Theory, complex hunter-gatherers, household archaeology, craft specialization, exchange systems, California, British Columbia
Jeanne Arnold is Professor of Anthropology at the University of California, Los Angeles. She completed undergraduate training in anthropology at the University of Michigan and received her Ph.D. from the University of California, Santa Barbara. She has researched and published extensively on the later prehistory and early Historic period of the American Pacific Coast, focusing on Native American community and household organization, specialized labor and occupations, and the emergence of hierarchical socioeconomic and political relationships in traditional societies. Arnold’s archeological field and laboratory research in western North America has been supported principally by the National Science Foundation. Analyses of Native Californian communities on the Santa Barbara Channel Islands and First Nations villages in the Fraser River Valley of British Columbia have provided a window onto daily household life, specialized craft production, communication and exchange relationships, and subsistence.

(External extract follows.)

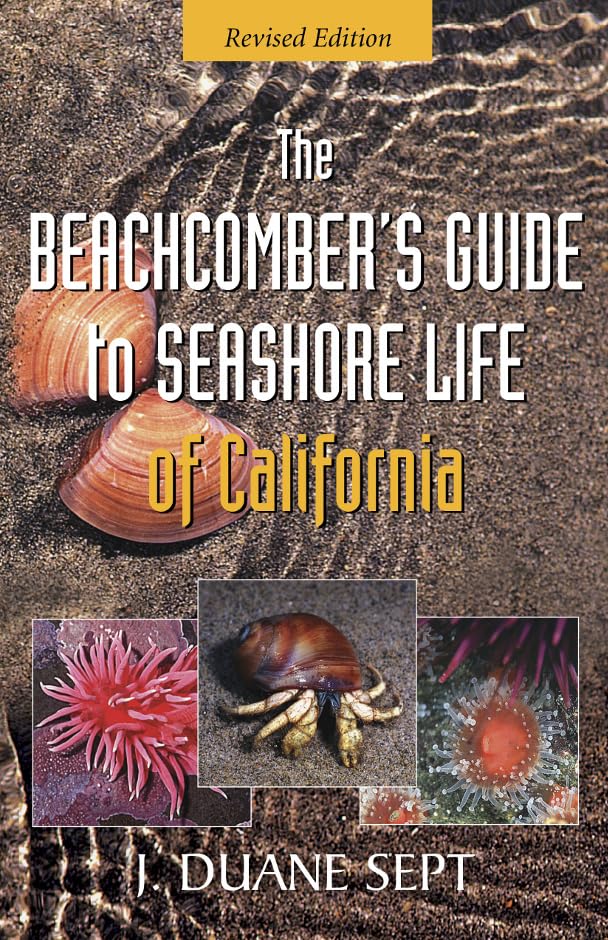 The Beachcomber's Guide to Seashore Life of California Paperback – June 19, 2009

Arnold served for more than a decade on the Society for American Archaeology’s National Historic Landmarks Committee, contributing to preserving the nation’s cultural heritage in association with the National Park Service, for which she has received a commendation from the U.S. Department of the Interior. Her recent published work includes investigations into the relationship between political power and labor rights in traditional societies, explorations of the costs and benefits of participation in hierarchies, and the relationship between sophisticated watercraft and political complexity in coastal Pacific Coast societies. Arnold has published five books, most recently Foundations of Chumash Complexity in 2004.